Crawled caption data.
++++++++
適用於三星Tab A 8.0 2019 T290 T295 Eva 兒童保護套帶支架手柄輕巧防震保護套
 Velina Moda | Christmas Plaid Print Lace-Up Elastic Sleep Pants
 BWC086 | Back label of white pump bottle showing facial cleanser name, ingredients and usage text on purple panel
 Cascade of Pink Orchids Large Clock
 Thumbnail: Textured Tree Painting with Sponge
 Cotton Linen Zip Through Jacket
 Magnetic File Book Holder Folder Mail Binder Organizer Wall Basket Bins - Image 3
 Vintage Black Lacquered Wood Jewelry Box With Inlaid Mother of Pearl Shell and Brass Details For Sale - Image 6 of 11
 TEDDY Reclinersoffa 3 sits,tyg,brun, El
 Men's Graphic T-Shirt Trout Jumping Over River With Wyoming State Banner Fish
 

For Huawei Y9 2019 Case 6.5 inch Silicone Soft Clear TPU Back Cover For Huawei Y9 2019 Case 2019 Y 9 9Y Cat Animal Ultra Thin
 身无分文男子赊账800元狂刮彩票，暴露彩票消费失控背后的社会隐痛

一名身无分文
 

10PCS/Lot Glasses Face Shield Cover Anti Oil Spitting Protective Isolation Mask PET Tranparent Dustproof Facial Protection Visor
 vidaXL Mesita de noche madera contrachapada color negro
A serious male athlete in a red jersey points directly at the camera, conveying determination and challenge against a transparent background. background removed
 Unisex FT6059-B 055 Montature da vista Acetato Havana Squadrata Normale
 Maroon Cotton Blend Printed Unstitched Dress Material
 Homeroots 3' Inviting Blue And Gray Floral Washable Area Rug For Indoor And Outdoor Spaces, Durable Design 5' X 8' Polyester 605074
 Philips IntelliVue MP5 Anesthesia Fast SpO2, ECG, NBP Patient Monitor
++++++++
ASSIGNED TASK.
Word for word, restate the entries from the first line to the line that has "Men's Graphic T-Shirt", both included, and nothing else.

RESULT OF THIS EXERCISE.
適用於三星Tab A 8.0 2019 T290 T295 Eva 兒童保護套帶支架手柄輕巧防震保護套
 Velina Moda | Christmas Plaid Print Lace-Up Elastic Sleep Pants
 BWC086 | Back label of white pump bottle showing facial cleanser name, ingredients and usage text on purple panel
 Cascade of Pink Orchids Large Clock
 Thumbnail: Textured Tree Painting with Sponge
 Cotton Linen Zip Through Jacket
 Magnetic File Book Holder Folder Mail Binder Organizer Wall Basket Bins - Image 3
 Vintage Black Lacquered Wood Jewelry Box With Inlaid Mother of Pearl Shell and Brass Details For Sale - Image 6 of 11
 TEDDY Reclinersoffa 3 sits,tyg,brun, El
 Men's Graphic T-Shirt Trout Jumping Over River With Wyoming State Banner Fish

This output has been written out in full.